Morte de macaco em Buritizeiro acende alerta e reforça importância da vacinação no Norte de Minas

Autoridades sanitárias reforçam a importância da vacinação

Alexandre Fonseca e Leonardo Queiroz
Do jornal O Norte
Publicado em 07/05/2026 às 13:42.Atualizado em 07/05/2026 às 15:04.
Confirmação de febre amarela em primata mobiliza Vigilância em Saúde de Buritizeiro, no Norte de Minas (Fiocruz/Divulgação)
Confirmação de febre amarela em primata mobiliza Vigilância em Saúde de Buritizeiro, no Norte de Minas (Fiocruz/Divulgação)

A Vigilância em Saúde de Buritizeiro, no Norte de Minas, confirmou um caso de febre amarela em um macaco, aumentando o alerta para a circulação do vírus na região. As autoridades sanitárias reforçam a importância da vacinação, considerada a principal forma de prevenção. A população também tem sido orientada a redobrar os cuidados.

Conforme dados do Ministério da Saúde, dessa quarta-feira (6), a cobertura vacinal no Norte de Minas está em 94%. Em Buritizeiro, a cobertura está acima de 100% - ocorre quando há vacinação de pessoas de outras cidades, além de atualizações nos registros populacionais.

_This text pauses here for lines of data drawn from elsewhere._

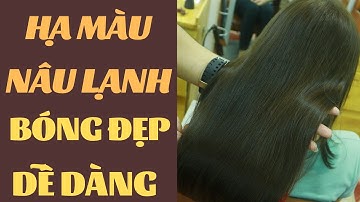 Công thức hạ màu nâu lạnh bóng đẹp trên nền tóc hư tổn | Huynh Nguyễn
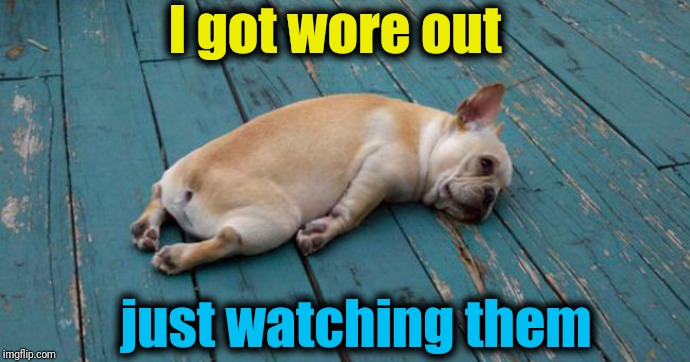 Exhausted  | I got wore out just watching them | image tagged in exhausted | made w/ Imgflip meme maker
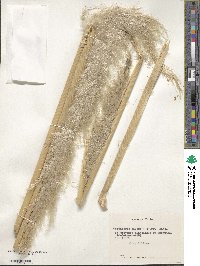 Cortaderia egmontiana image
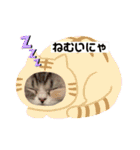 毛玉怪獣つな猫スタンプ2（個別スタンプ：16）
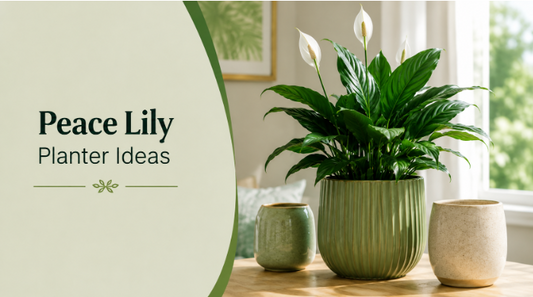 Peace Lily Planter Ideas: Transform Your Space with Elegance and Ease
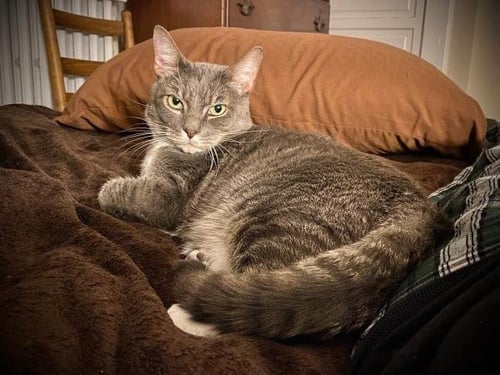 JACKSON - Domestic Short Hair available for adoption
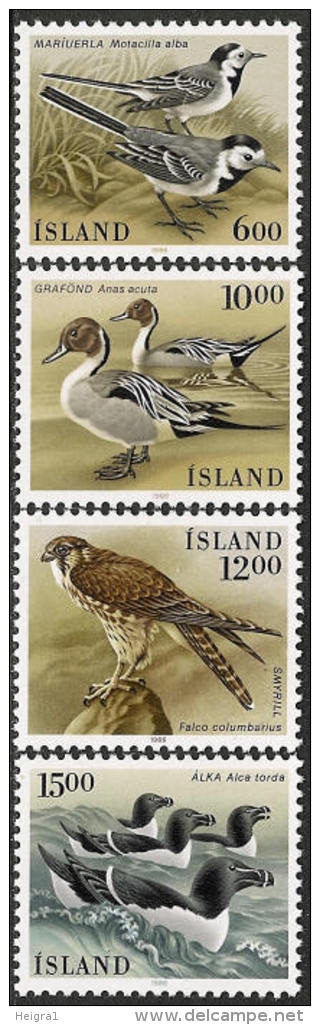 Iceland 1986 MNH/**/postfris/postfrisch Michelnr. 644-647 Birds - Unused Stamps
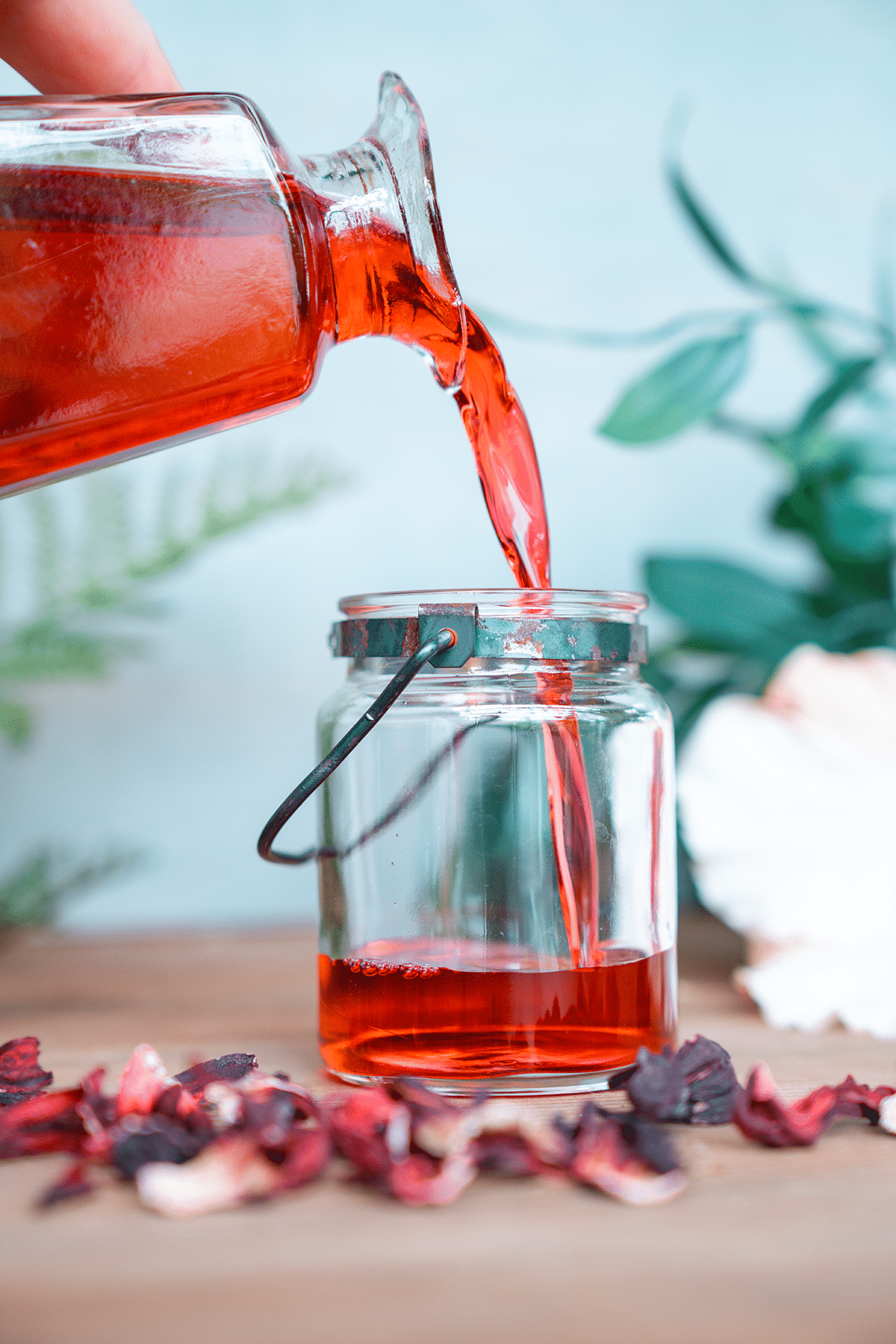 Hibiscus Simple Syrup Recipe 9 hibiscus simple syrup recipe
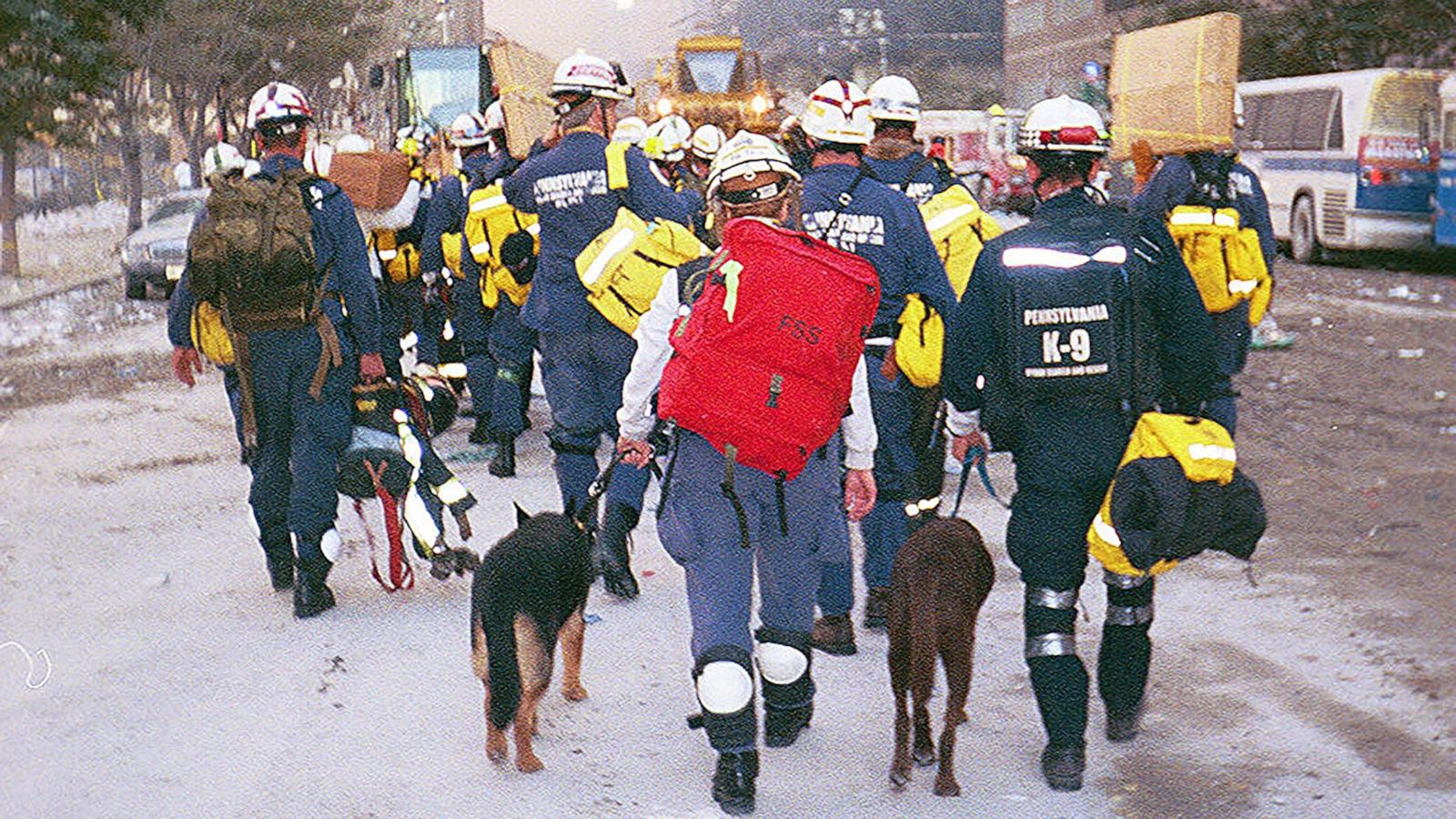 Remembering the hero search-and-rescue dogs of 9/11, 25 years later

Primata encontrado na zona rural

Segundo a diretora de Vigilância em Saúde, Maria da Piedade Pessoa Pereira, o primata foi encontrado morto na zona rural do município, a cerca de 7 km da área urbana, em 18 de abril. O corpo do animal foi levado para a Gerência Regional de Saúde para realização de exames.

“A partir então, começamos a desencadear as ações, sendo a busca ativa de cartão e as vacinações nesse território. Fomos de casa em casa, orientando o pessoal e estendemos essa informação à população de forma geral, não com intuito de alardes, mas em caráter de informação com responsabilidade e tranquilidade”, afirma Maria Pereira. 

De acordo com a Secretaria Estadual de Saúde (SES-MG), não há registro de casos confirmados de febre amarela em humanos em Minas em 2026. Ainda assim, o aparecimento da doença em primatas funciona como um sinal de alerta epidemiológico. Isso porque os macacos atuam como sentinelas naturais, indicando a presença do vírus no ambiente. Vale destacar que os animais não transmitem a febre amarela às pessoas.

Fátima Lima, médica de Família e Comunidade, explica que, diante desse cenário, a vacinação é apontada como a principal ferramenta de controle e prevenção. “A vacina contra a febre amarela é segura, gratuita e está disponível em mais de 4 mil unidades do Sistema Único de Saúde (SUS)". 

Pessoas que receberam a vacina antes dos 5 anos de idade devem receber uma dose de reforço. “A prioridade deve ser vacinar todas as pessoas não imunizadas que vivem ou circulam em áreas de risco, especialmente moradores da zona rural, trabalhadores que atuam em ambientes de mata, ribeirinhos e pessoas que vão viajar para essas regiões. Além disso, é fundamental atualizar a caderneta de vacinação de adultos e garantir a imunização de crianças a partir dos nove meses de idade, conforme as recomendações do Ministério da Saúde”, completa Lima.

Febre amarela

Segundo o Ministério da Saúde, a febre amarela é uma doença infecciosa febril aguda, imunoprevenível, de evolução abrupta e gravidade variável, com elevada letalidade nas formas graves. A doença é causada por um vírus transmitido por mosquitos e possui dois ciclos de transmissão (urbano e silvestre).

No ciclo urbano, a transmissão ocorre a partir de vetores urbanos (Aedes aegypti) infectados. No ciclo silvestre, os gêneros Haemagogus e Sabethes os mais importantes.

Ainda segundo o órgão, os sintomas iniciais da febre amarela incluem início súbito de febre, dores no corpo em geral, calafrios, náuseas e vômitos, dor de cabeça intensa, fadiga, dores nas costas e fraqueza.